Join two nodes when one has no data #1871

ASKozienko · 2018-03-21T08:57:07Z

For example I have 2 metrics (temp1, temp2). But only one has incoming data. Maybe temp2 sensor is turned off, does not matter. For my condition "t1.value" > 0 OR "t2.value" > 0 temp2 is not relevant. But I didn't see in the log any point with prefix P1 after join, join does not happen. So the question is how to make full outer join in my case?

PS. if temp2 has incoming data it works fine

var temp1 = batch
    |query('SELECT mean(value) AS value FROM "my_db"."autogen".temp1')
        .period(10s)
        .every(5s)
        .groupBy(time(2s), *)
        .fill(0)
    |log()
        .prefix('P0-1')
        .level('DEBUG')

var temp2 = batch
    |query('SELECT mean(value) AS value FROM "my_db"."autogen".temp2')
        .period(10s)
        .every(5s)
        .groupBy(time(2s), *)
        .fill(0)
    |log()
        .prefix('P0-2')
        .level('DEBUG')

temp1
    |join(temp2)
        .tolerance(5s)
        .fill('null')
        .as('t1', 't2')
    |default()
        .field('t1.value', -1)
        .field('t2.value', -1)
    |log()
        .prefix('P1')
        .level('DEBUG')
     |where(lambda: "t1.value" > 0 OR "t2.value" > 0)
     |alert()

The text was updated successfully, but these errors were encountered:

conet · 2018-05-26T03:40:34Z

I'm seeing the same behavior that fill('null') or fill(value) does not work on the JoinNode. I'm using kapacitor 1.4.1.

conet · 2018-05-26T04:48:43Z

Looking at the join code I have a hunch that I'm hitting this condition.

For example one has measurement A and B and measurement A has series A,x A,y and A,z and B has series B,x and B,y outer join will only join A,B,x and A,B,y because of that condition. If B would have B,z but some points were missing then the outer join would work as defined.

Could this be fixed or at least the documentation be updated to avoid confusion?

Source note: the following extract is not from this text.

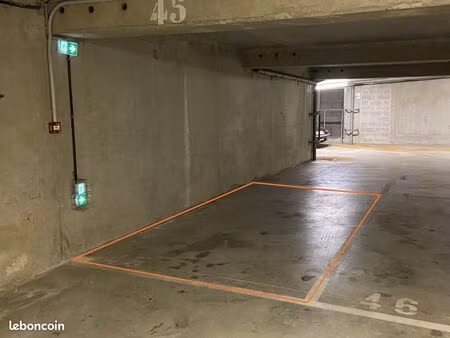 parking montigny le bretonneux - a proximité gare sqy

sdicataldo · 2019-05-08T12:03:24Z

Hey guys,
not clear if this issue has been sorted.
I have the scenario when a batch query return no data.
how I can manage this scenario?
join or union doesn't work

oraclecaicai · 2019-09-16T03:16:23Z

Kapacitor: 1.5.3
InfluxDB: 1.7.8

Hi guys,
I have a TICKscript like this:

var req_all = stream
|from()
.measurement('request_log')
|window()
.period(1m)
.every(1m)
|count('step')
.as('cnt')

var req_err = stream
|from()
.measurement('request_log')
.where(lambda: "status" =~ /^5\d\d$/)
|window()
.period(1m)
.every(1m)
|count('step')
.as('cnt')

req_err
|join(req_all)
.as('err', 'all')
.fill(0)
|eval(lambda: "all.cnt", lambda: (float("all.cnt") - float("err.cnt")) / float("all.cnt") * 100.0)
.as('qpm', 'succ_rate')
|influxDBOut()
.database('data')
.measurement('request_stats')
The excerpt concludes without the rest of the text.